Ансгар не понял последних слов, но переспрашивать не стал. Само, решил, все выяснится, когда придут к воеводе. С самим воеводой они мельком уже встречались у кузнеца Даляты, и он плохого впечатления не произвел…
* * *Подворье воеводы было маленькой, но, кажется, основательно укрепленной крепостью внутри большого городища. Может, и не крепостью, а просто большим острогом, который в таких городищах называют обычно кременцом[95]. Ансгар не увидел в городище Огненной Собаки больше ни одного двора, обнесенного настолько высоким тыном[96]. Да и ворота здесь были не из жердин, как в других дворах, а тоже бревенчатые, хотя, конечно, на ворота бревна шли потоньше, нежели на тын. Открывались ворота кверху с помощью системы из нескольких блоков и толстых веревок. Но закрыть и открыть такие ворота, на взгляд юного конунга, было делом не одного мгновения.

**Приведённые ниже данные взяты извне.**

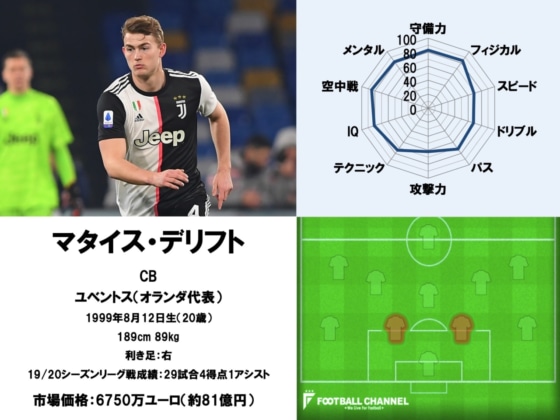 マタイス・デリフト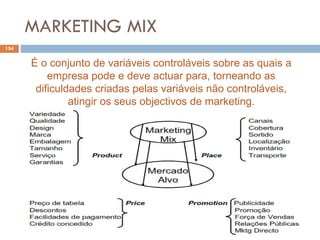 MARKETING MIX
154
É o conjunto de variáveis controláveis sobre as quais a
empresa pode e deve actuar para, torneando as
dificuldades criadas pelas variáveis não controláveis,
atingir os seus objectivos de marketing.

– Зачем здесь такие ворота? – поинтересовался Ансгар. – Чтобы их открыть-закрыть, несколько человек надо.
– А они закрываются только в дни войны, когда враг под стенами, – сказал Хлюп. – Тогда люди пользуются малыми воротами с другой стены. В мирные дни здесь стражники туда-сюда дни и ночи напролет ездят, порядок стерегут. Зачем тогда закрывать… А чужой, чтобы его здесь на копья не подняли, сам не полезет…
Вошли вслед за тремя стражниками во двор, где оружных людей собралось много, и на прибывших, сразу по соломоволосому с обильной проседью Титмару определив его скандинавское происхождение, посматривали явно недружелюбно. Ансгару от бабушки-гречанки волосы достались более темные, да и лицо у него было не такое слишком уж характерное, как у кормчего, тем не менее, недружелюбные взгляды и его касались. По большому количеству меха в летней одежде оружных людей конунг сразу признал в них прибывших из Бьярмы, про которых говорил стражник. Значит, это у них неприятности с норвежцами…
У крыльца стоял взнузданный каурый конь, которого только накануне вечером Ансгар видел во дворе кузнеца Даляты. Только сейчас конь был под другим, более дорогим седлом и имел сбрую с красивой серебряной насечкой. Вчера на коне была более простая упряжь, но в кузницу, понятно, не ездят, готовя коня, как на смотрины.